University of Southern Indiana

Doris Mohr

Doris Mohr
Dr. Doris Mohr
Associate Professor of Mathematics
Coordinator of Mathematics Outreach
Contact: 812-464-1769
Science Center 3269
Email:
Website

Service learning and teacher preparation are a natural fit. In my math methods class (M392), pre-service elementary and middle-school teachers often participate in a service-learning project focused on Family Math Night (FMN) at a local elementary school. Family Math Night is a single night event that involves elementary students, their parents and teachers, and my students in M392. It is a night focused on doing mathematics in the context of sports, games, or other real-world applications. Parents are encouraged to participate with their children in the activity, in the hopes that the mathematical discussions that began at FMN will continue at home. My students benefit from involvement in this service-learning project through:

  • Realization of the importance of parent involvement in schools
  • Reinforcement of tenets of Reflective Teacher Model
  • Insight into how children think and reason mathematically

Parent involvement in schools has been shown to promote better student attendance, less retention in the same grade, higher levels of parent and student satisfaction with school, and reduced number of negative behavior reports. Teachers, however, are often not prepared to implement family involvement programs. It is my hope that the students enrolled in my math methods class will take the experience gained from participation in FMN and support or implement a similar experience in the future at their own school.

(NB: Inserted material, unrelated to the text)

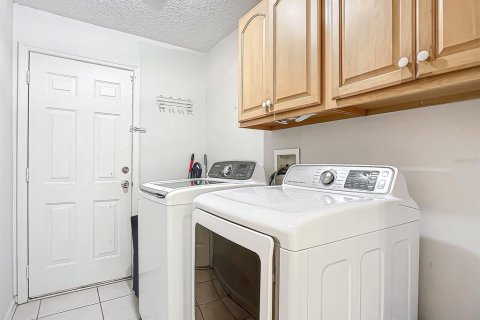 Купить виллу или дом в Санфорд, Флорида 7 комнат, 223.99м2, № 1432415 - фото 24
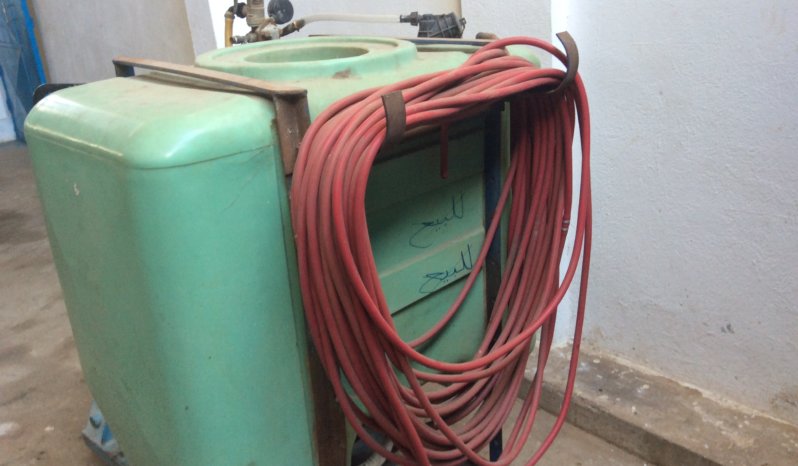 À vendre Pulvérisateur porté 400 litres complet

From analyzing past reflections completed by my students, I found an alignment between their comments and the five knowledge bases of Teacher Education’s “Reflective Teacher Model”: (1) Knowledge of Self, (2) Knowledge of Students, (3) Knowledge of Schools, Communities, and Families, (4) Knowledge of Pedagogy, and (5) Knowledge of Curriculum. So not only are they gaining experience in how to involve parents, but they are reinforcing the five basic tenets of teacher education. For example, some of my students commented:

  • “As teachers, we must challenge ourselves and our students to look and think about math more creatively.”
  • “I noticed that some students were flying through our activity, while others were struggling. It really showed their performance level in mathematics.”
  • “I learned that to teach math, teachers need to understand what their students know before they give them tasks.”

Last, but certainly not least, my students gained insight into how children think mathematically. For example, one of my students commented: “I think that kids really enjoy when they get to participate in things and do hands on work. I also believe that the kids learn better and remember more if they can make a connection to something in real life.” Priceless!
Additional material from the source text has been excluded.